And in SH Lock (NZ) Ltd v Oremland (unreported, High Court, Auckland Registry, CP.641/86, 19 August 1986) Wylie J. said:
Clearly the onus of showing there is no defence lies with the plaintiff, but the discharge of that onus is not in my view to be frustrated by a defendant raising hypothetical possibilities in vague terms unsupported by any positive assertions or corroborative documentation.
The question then is whether we are satisfied that there is an arguable defence to the respondents’ claim. The starting point is to consider the documents upon which the plaintiff relies, that is to say the term loan and the deed of indemnity. On the face of it the provisions of those documents are clear and straightforward. The Bridgecorp loan was guaranteed by the appellant, the respondents and Mr Bartells. The appellant and Mr Bartells indemnified the respondents against any liability that they might incur pursuant to their guarantee given to Bridgecorp. A demand was made by Bridgecorp on the respondents. The respondents have satisfied that demand. Without more, there is a clear case for judgment against the appellant.

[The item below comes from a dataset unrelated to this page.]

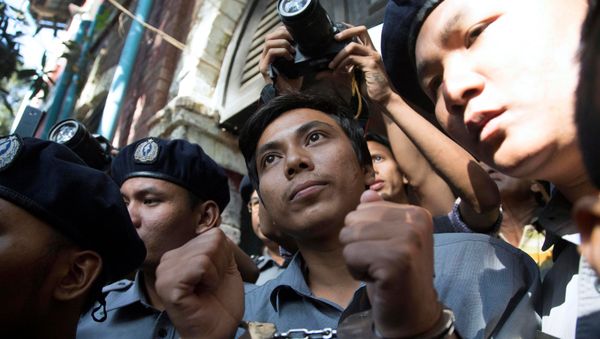 Periodista de Reuters detenido en Birmania Periodista de Reuters detenido en Birmania - Sputnik Mundo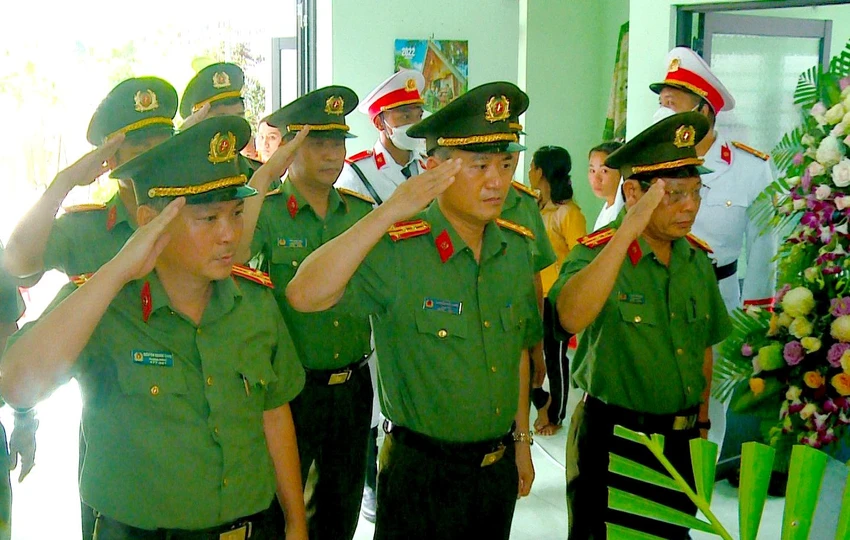 Ban Giám đốc Công an tỉnh Khánh Hòa đến viếng thượng úy Hoàng Văn Yên. Ảnh: HT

We turn then to consider whether any of the matters argued on behalf of the appellant raise an arguable defence.
The first argument was that the deed of cancellation constituted payment by Mr Bartells to the respondents of the amount owing to Bridgecorp. Mr Asher argued that if Mr Bartells had given the respondents a cheque for the amount due to Bridgecorp the respondents would not then be entitled to claim on the indemnity after having paid the Bridgecorp loan. He submitted that the effect of the deed of cancellation was to confirm a situation whereby the respondents obtained the Clifton Road property at a price $500,000 less than its true value. He referred to the Quotable Value New Zealand valuation exhibited in evidence which showed the capital value of the Clifton Road property as being $1,379,000 and contrasted that with the actual sale price of $853,642.
Mr Asher submitted that by agreeing to the cancellation of the cinema purchase the respondents had gained an advantage of $500,000. He submitted that the meaning of the indemnity document was that if the respondents suffered a loss as a result of the Bridgecorp demand then Mr Bartells and Mr Friedlander were required to indemnify them. He said they had not suffered a loss so there should be no indemnity. He submitted that the “swap” transaction was at the heart of the need for the indemnity and that equitable principles should apply.
In our view the appellant faces several difficulties in relation to this submission. First, the deed of cancellation itself expressly preserves Mr Bartells’ liability pursuant to the indemnity. Secondly, the October agreements were not contractually interdependent. Most importantly, there is no legal nexus between the agreement for the sale of the Clifton Road property and the obligations under the term loan agreement and the deed of indemnity. In our view there is no appropriate foundation for the existence of a claim in equity by the appellant against the respondents. The respondents had no knowledge of the arrangements between Mr Bartells and Mr Friedlander. So far as they were concerned the guarantee which they gave was for Mr Bartells’ benefit pending his settlement of the cinema purchase. When he failed to settle they had the rights of a vendor in such a situation. There is no evidence to suggest that the respondents had any knowledge of any equitable interest by the appellant in the cinema. There is no arguable defence under that head.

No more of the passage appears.